4. Il ressort des motifs de la décision en litige, tels qu'ils sont formulés dans le mémoire en défense, que, pour refuser d'enregistrer la demande déposée par M. A, les services de la préfecture des Hauts-de-Seine se sont fondés sur la circonstance que les documents d'identité versés par l'intéressé à l'appui de sa demande ne permettaient pas d'établir sa véritable identité et que l'intéressé n'avait pas fourni le jugement supplétif mentionné par l'annexe 10 précitée. Pour contester cette décision, M. A fait valoir qu'il a remis aux services du préfet des Hauts-de-Seine un acte de naissance qui était suffisant pour justifier de son identité. Dans ces conditions, le requérant, qui ne produit d'ailleurs à l'instance ni la copie de l'acte de naissance produit, ni le jugement supplétif demandé, n'est pas fondé à soutenir que son dossier était complet. Par suite, le refus du préfet des Hauts-de-Seine ne saurait être regardé, en l'état de l'instruction, comme une décision faisant grief susceptible d'être déférée au juge de l'excès de pouvoir.

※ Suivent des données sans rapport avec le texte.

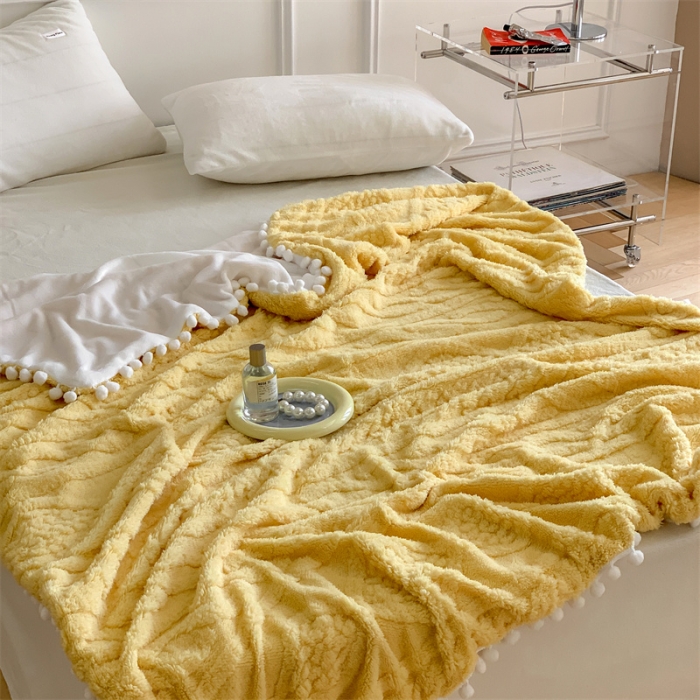91家纺网 家纺一手货源 找家纺 洋铭区 2022新款a版舒棉绒b版牛奶绒毯子-糖豆系列 糖豆嫩黄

5. Il résulte de ce qui précède que la requête de M. A est irrecevable et doit être rejetée en toutes ses conclusions.

D E´ C I D E :

Article 1er : La requête de M. A est rejetée.

Article 2 : Le présent jugement sera notifié à M. B A et au préfet des Hauts-de-Seine.

Délibéré après l'audience du 20 janvier 2023, à laquelle siégeaient :

M. Kelfani, président, M. Prost, premier conseiller, et M. Villette, conseiller.

Rendu public par mise à disposition au greffe le 3 février 2023.

Le rapporteur,

signé

F.-X. PROST

Le président,

signé

K. KELFANILa greffière,

signé

A. CHANSON

La République mande et ordonne au préfet des Hauts-de-Seine en ce qui le concerne ou à tous commissaires de justice à ce requis en ce qui concerne les voies de droit commun contre les parties privées, de pourvoir à l'exécution de la présente décision.